Is it actually possible to work in these coordinates? Or is this just a notation that no one uses?
 A: If you want to switch from $x,y$ to $z, z^*$, you need to invert your relationships because the opposite direction is needed. The inverse maps are
$$ x = \frac{z+z^*}2 \quad y = \frac{z-z^*}{2i}$$
and 
$$\frac{\partial}{\partial x}\equiv\partial_x = \frac{\partial }{\partial z} + \frac{\partial }{ \partial z^*}, \quad
\frac{\partial }{ \partial y}\equiv \partial_y = i(\frac{\partial }{ \partial_z} -\frac{ \partial }{ \partial z^*}) $$
Note that one has to use the partial derivatives because we're talking about functions of several variables. When you substitute the identities above into the definition of the angular momentum (note that it is $\hbar$, hbar, and not $h$ over there), we get
$$ L_z = -i\hbar (x \partial_y - y\partial _x) =-\frac{i\hbar}{2} (2iz \partial_z-2iz^*\partial_{z^*}) = \hbar(z\partial_z - z^*\partial_{z^*})  $$
The factors of $i$ and $2$ cancel, much like the terms $z\partial_{z^*}$ and its complex conjugate $z^*\partial_z$. The latter have to cancel because $L_z$ is symmetric under rotations around the $z$-axis so the $L_z$ $U(1)$ charges have to cancel in all terms. The "charge" of $z$ exactly cancels with the opposite charge of $\partial / \partial z$ (and similarly for the complex conjugate term) but the mixed terms wouldn't.
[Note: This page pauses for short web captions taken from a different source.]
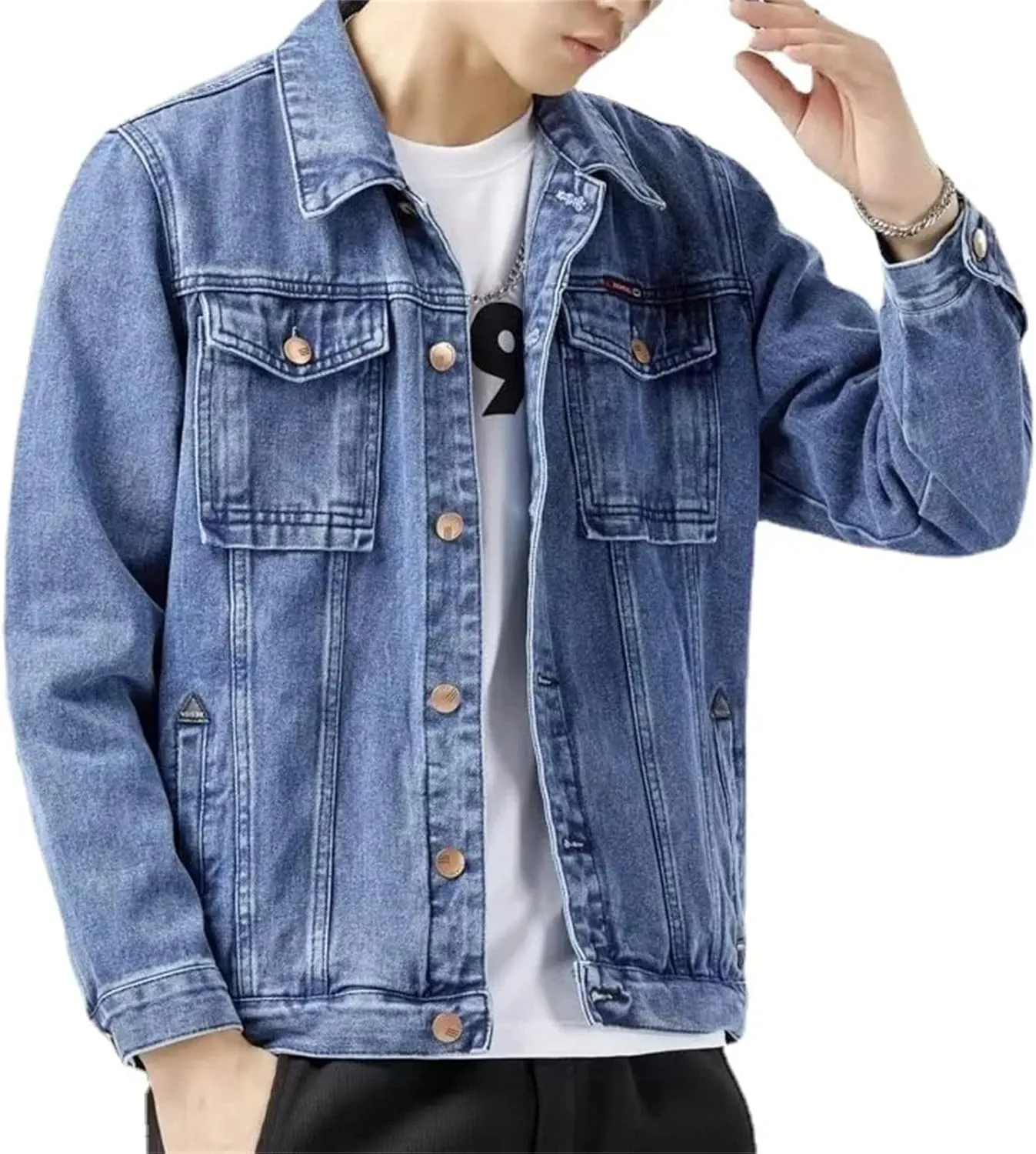 Men's Spring Denim Jacket Casual Cotton Jeans Coat Retro Jeans Coat Male Cotton Trucker Jackets
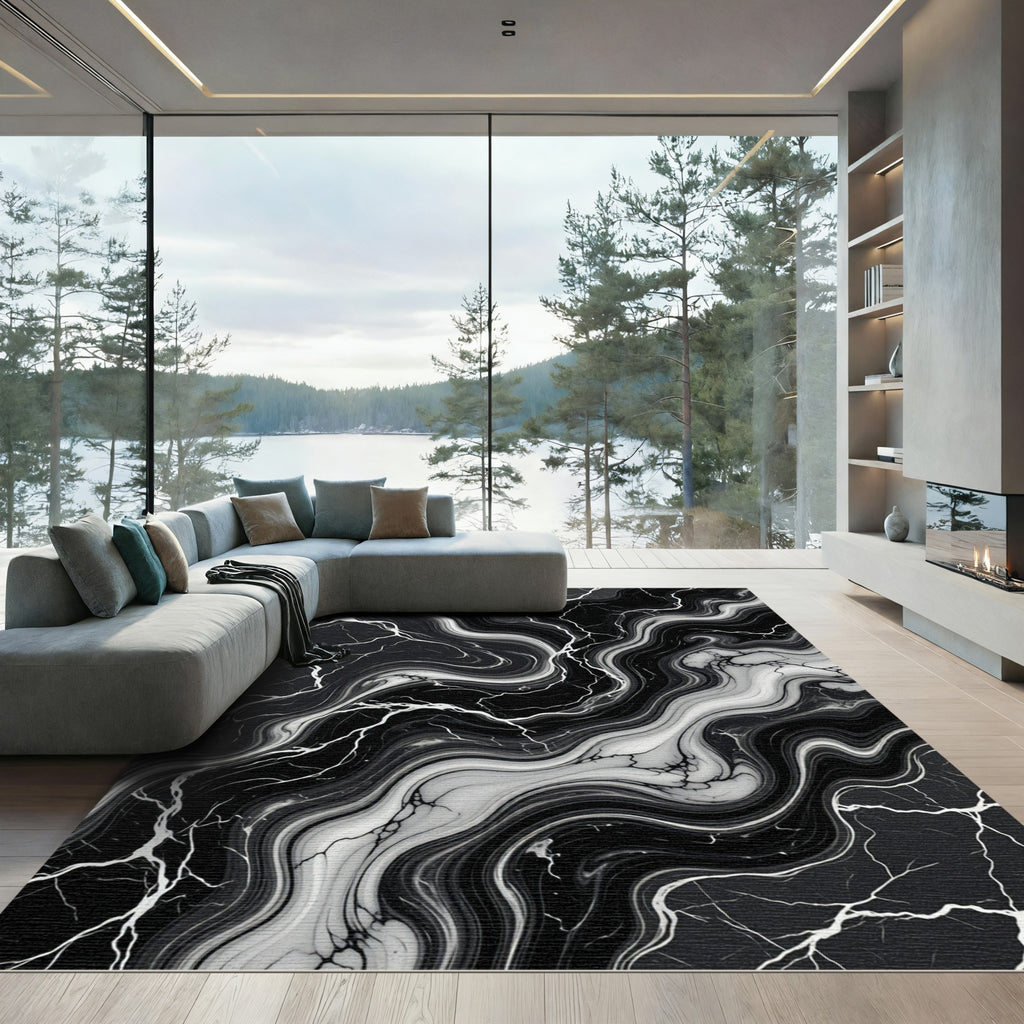 Black White Marble Vein Swirl Rug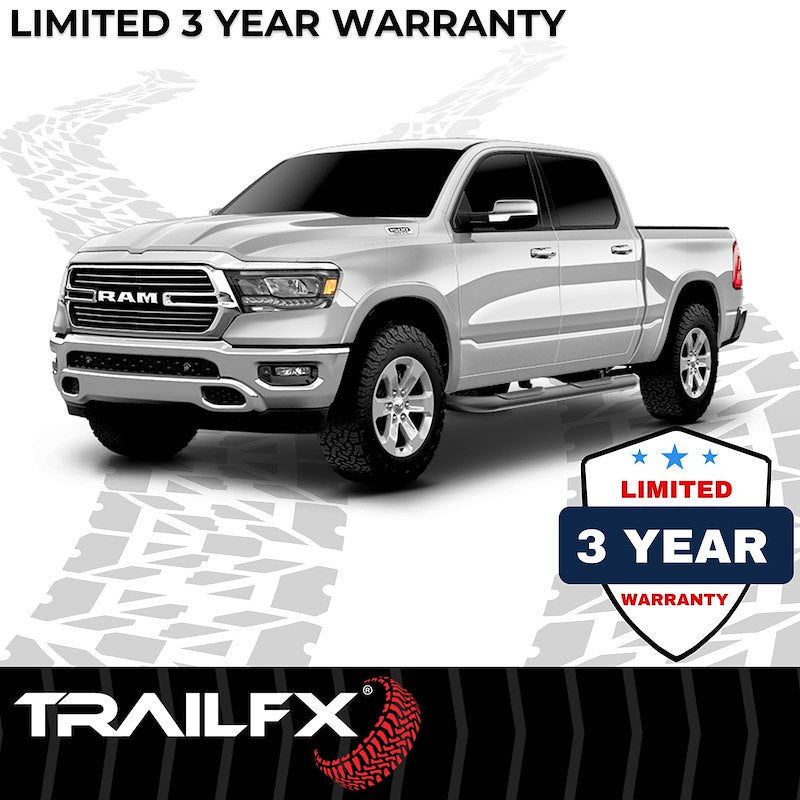 TrailFX 4" Oval Side Steps with Pads Matte Powder Coat Black (RAM 2500 19-25) CREW CAB) I A1007B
Also note that there is no prefactor $i$ in the formula for $L_z$ in terms of $z,z^*$ and their derivatives. That's OK because the $L_z=m$ wave functions behave as $z^m$ or $z^{*-m}$ or some compromise and one may pick an $m$ factor (eigenvalue) by differentiating $z^m$ with respect to $z$, getting $mz^{m-1}$, and multiplying by $z$ again to get $mz^m$. The $i$ is hidden in $z=x+iy$, the relative phase of $x,y$.